### How to complete this task:
Print the line containing "OTG Type C Adapter", then every line after it through the end of the material, exactly as written and without pictures.
- - -
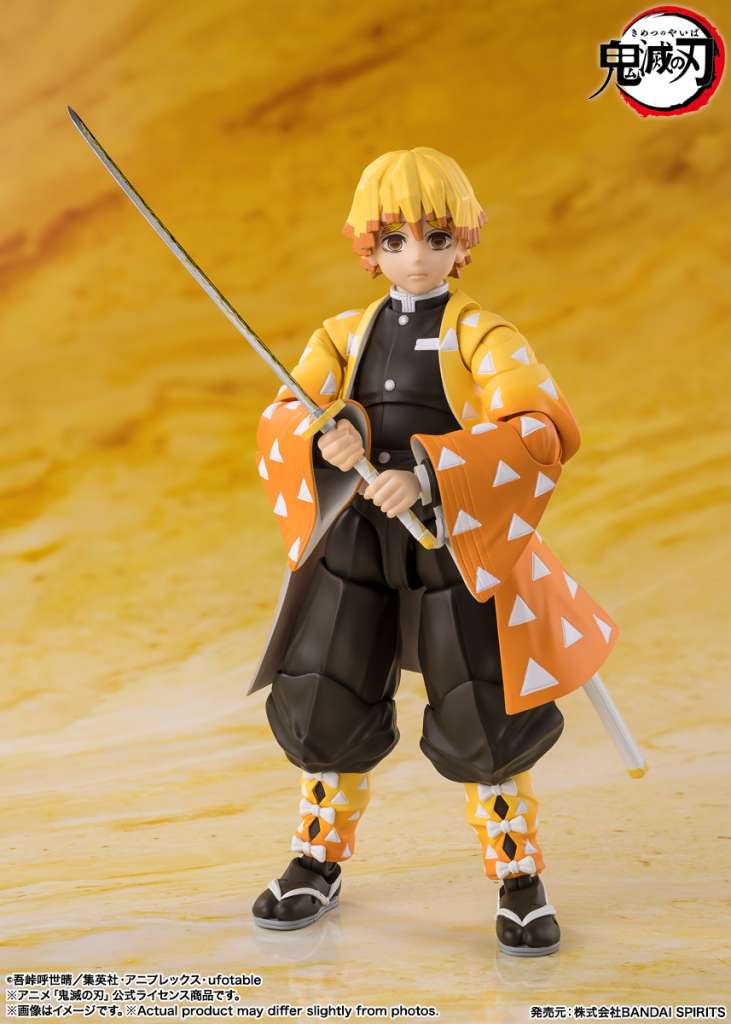 DEMON SLAYER - Zenitsu Agatsuma - Figure S.H. Figuarts 14cm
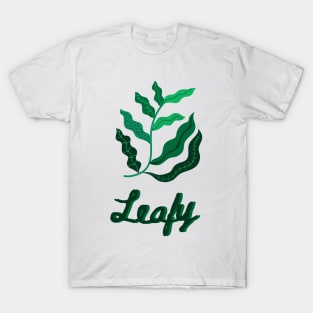 Leafy illustration T-Shirt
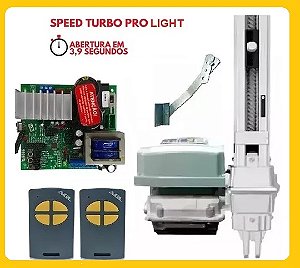 Motor de Portão Basculante AGL  BV SPEED TURBO PRO LIGHT (Bivolt) 1,50m  INSTALADO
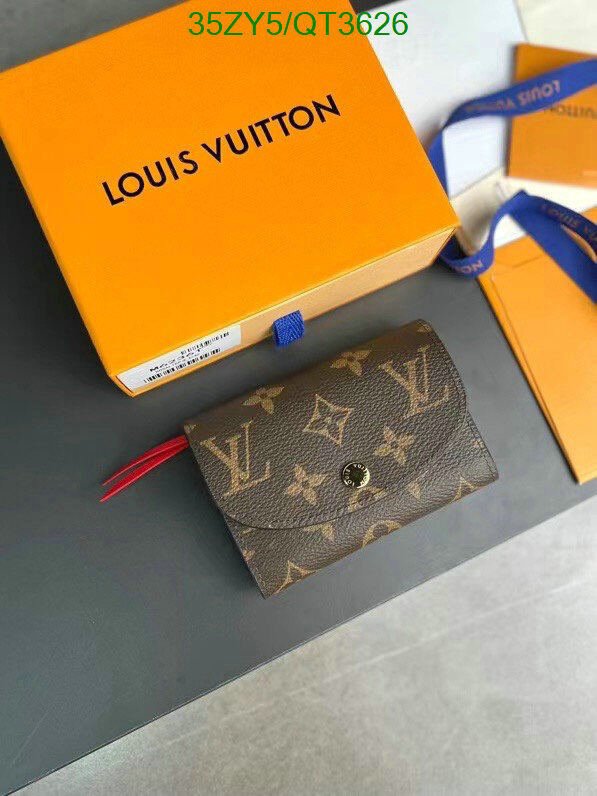 LV Bag-(4A)-Wallet- Code: QT3626 $ 46USD
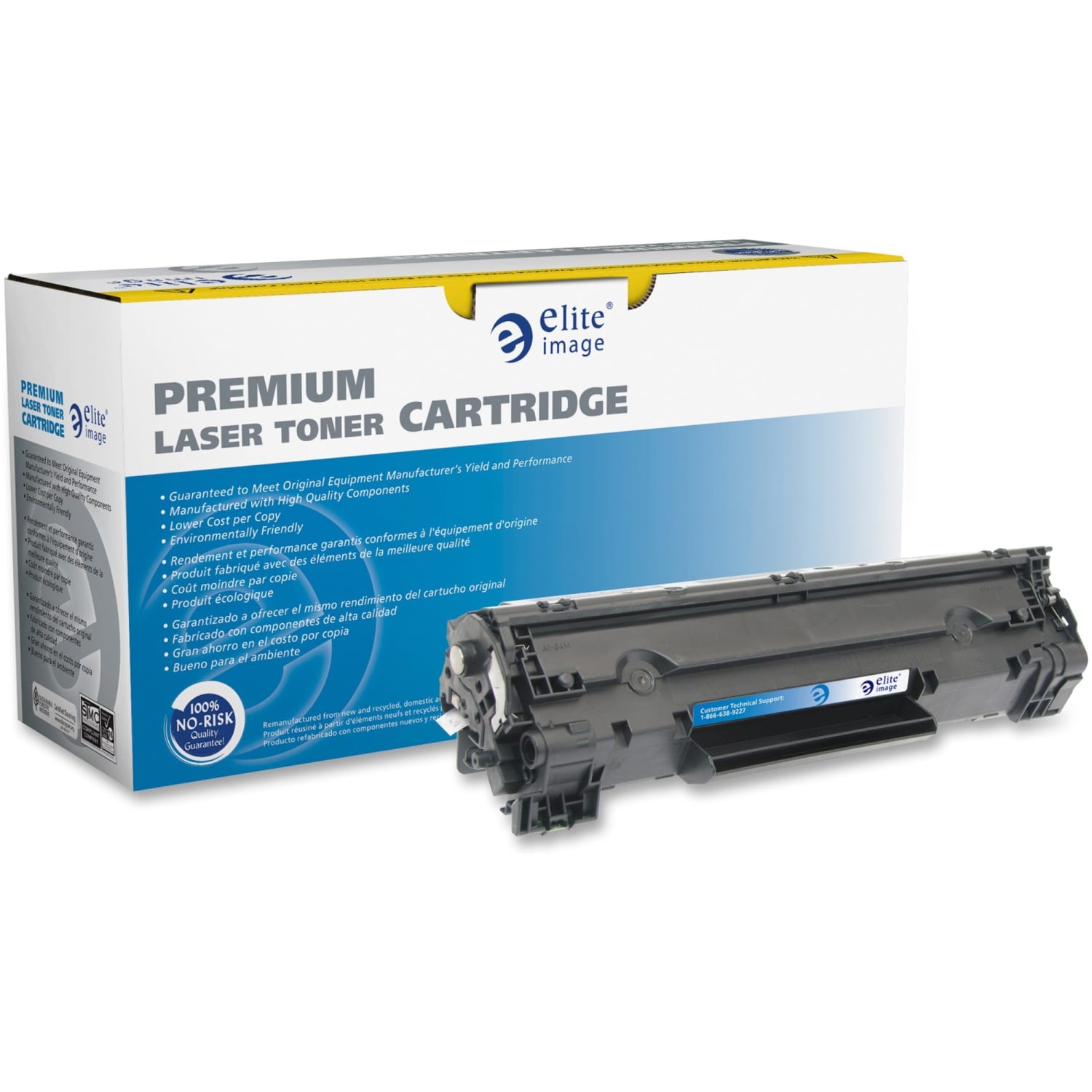 Elite Image Remanufactured Black High Yield Toner Cartridge Replacement For HP CF283X, ELI76165 - Image 3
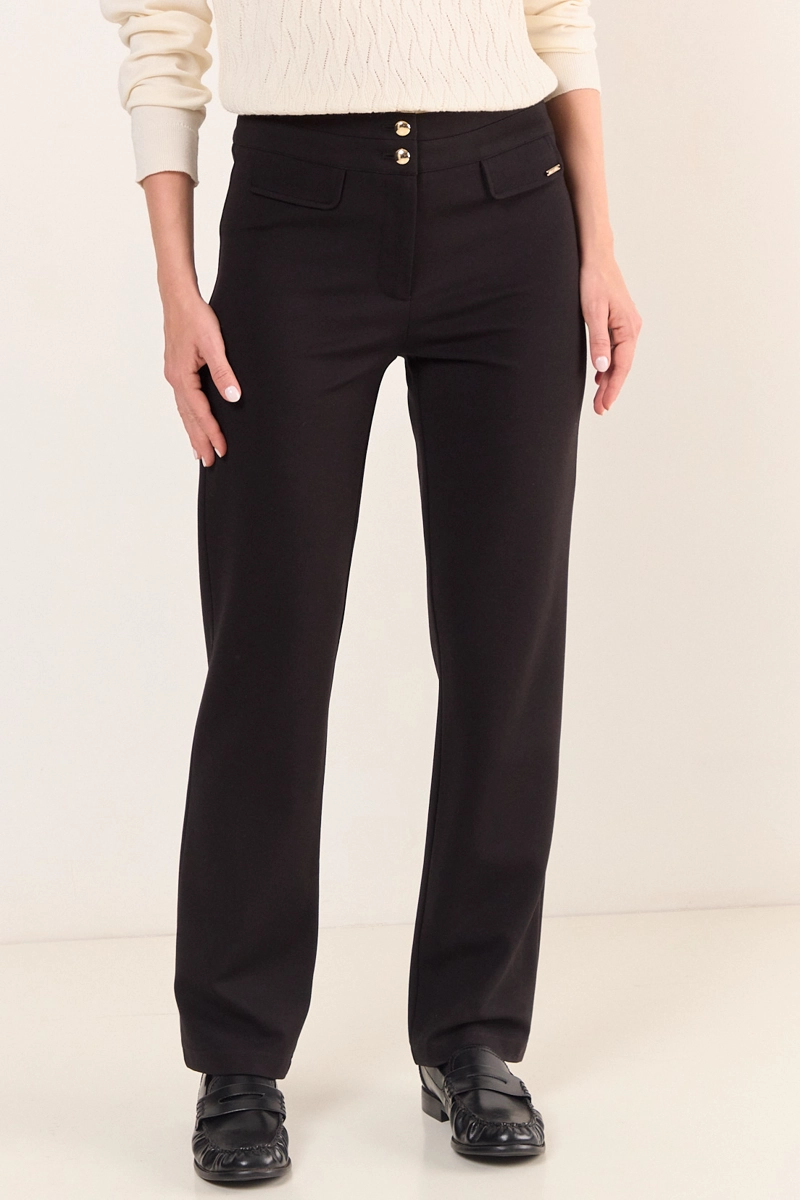 CALZA RECTA NEGRO MUJER MAGRIFFE - 2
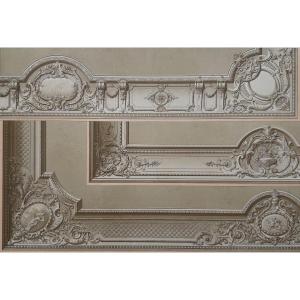 Ceiling Vaults In Grisaille. Private Architecture In The 19th Century. 1877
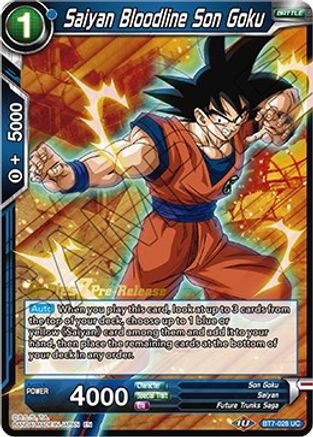 Saiyan Bloodline Son Goku (BT7-028_PR) - Assault of the Saiyans PreRelease Cards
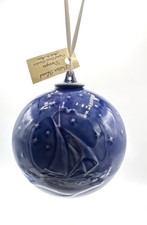 Handcrafted Butter Island Designs Christmas Ornament Ceramic Sailing Boat Signed picture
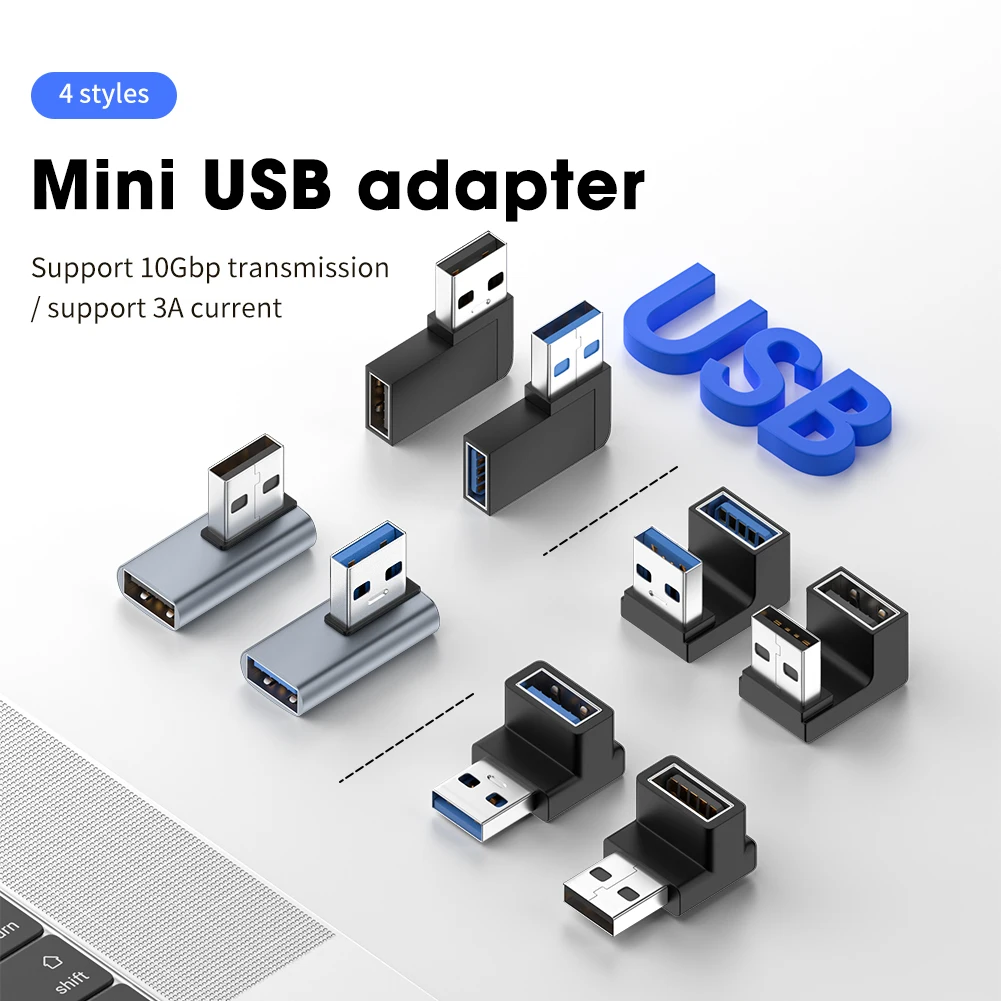 

OTG Type C Adapter USB C Male to Type C Female Connector OTG Converter UsbC Charging Splitter Male Female Adapters for Macbook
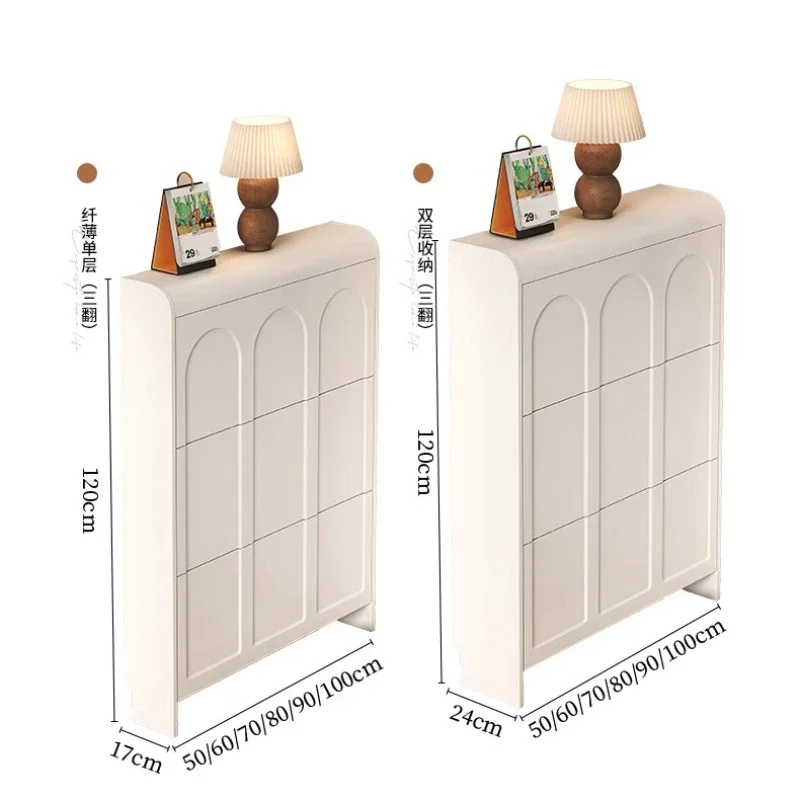 Zapatero de salón, muebles para sala de estar, estante Miravia, armario de almacenamiento, organizadores de zapatos móviles, gabinete de almacenamiento, cajón de madera en vivo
- - -
### Solution to this problem:
OTG Type C Adapter USB C Male to Type C Female Connector OTG Converter UsbC Charging Splitter Male Female Adapters for Macbook
 Zapatero de salón, muebles para sala de estar, estante Miravia, armario de almacenamiento, organizadores de zapatos móviles, gabinete de almacenamiento, cajón de madera en vivo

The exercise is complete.